[[ EXCERPTED RECORDS open ]]

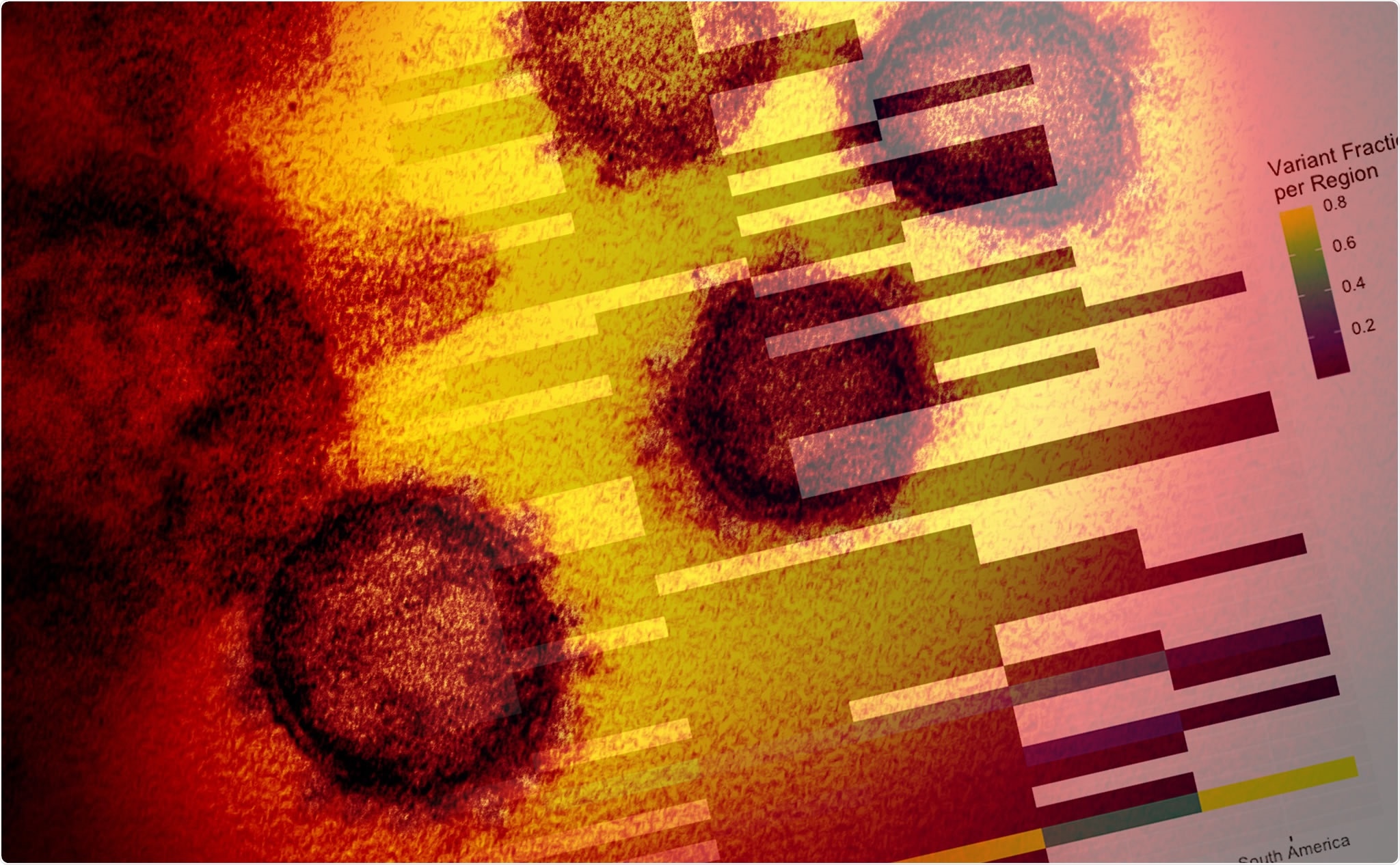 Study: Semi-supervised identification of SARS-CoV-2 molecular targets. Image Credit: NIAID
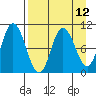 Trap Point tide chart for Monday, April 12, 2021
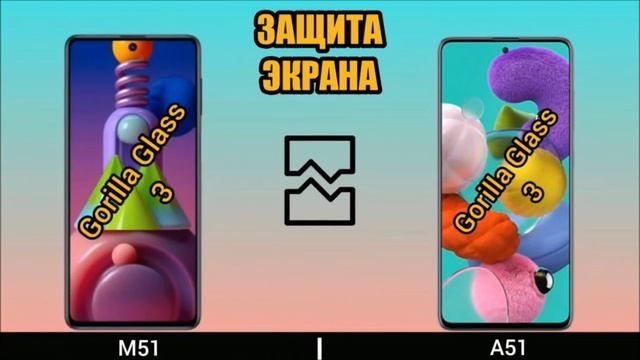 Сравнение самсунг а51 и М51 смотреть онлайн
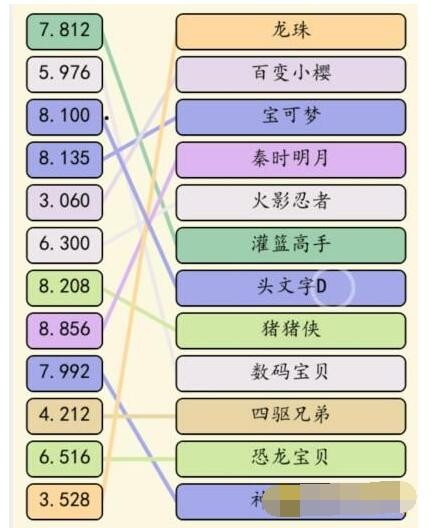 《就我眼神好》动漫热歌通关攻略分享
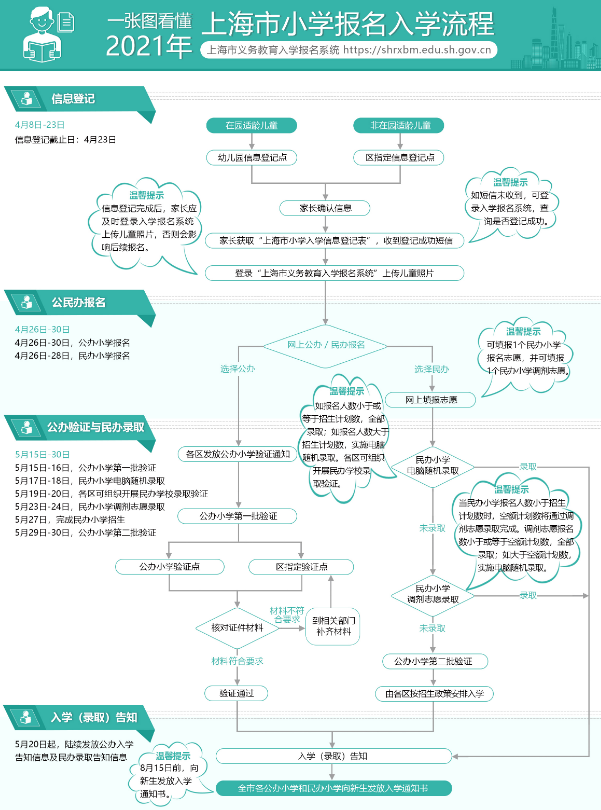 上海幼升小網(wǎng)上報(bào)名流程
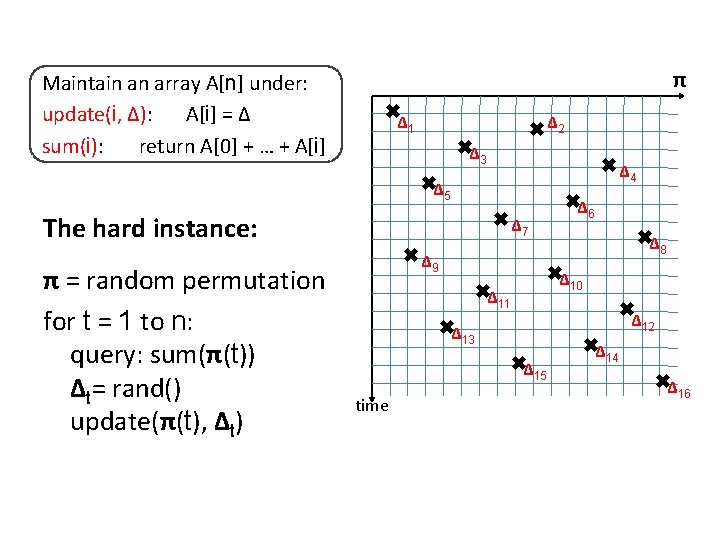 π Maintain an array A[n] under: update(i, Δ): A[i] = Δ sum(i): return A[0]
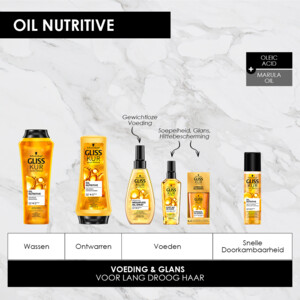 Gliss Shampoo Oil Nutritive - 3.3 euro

[[ EXCERPTED RECORDS closed ]]

There should be an exact restatement of the lines from the line with "π Maintain an" through the last line of the entries above, and no pictures in it.

 π Maintain an array A[n] under: update(i, Δ): A[i] = Δ sum(i): return A[0]
 Gliss Shampoo Oil Nutritive - 3.3 euro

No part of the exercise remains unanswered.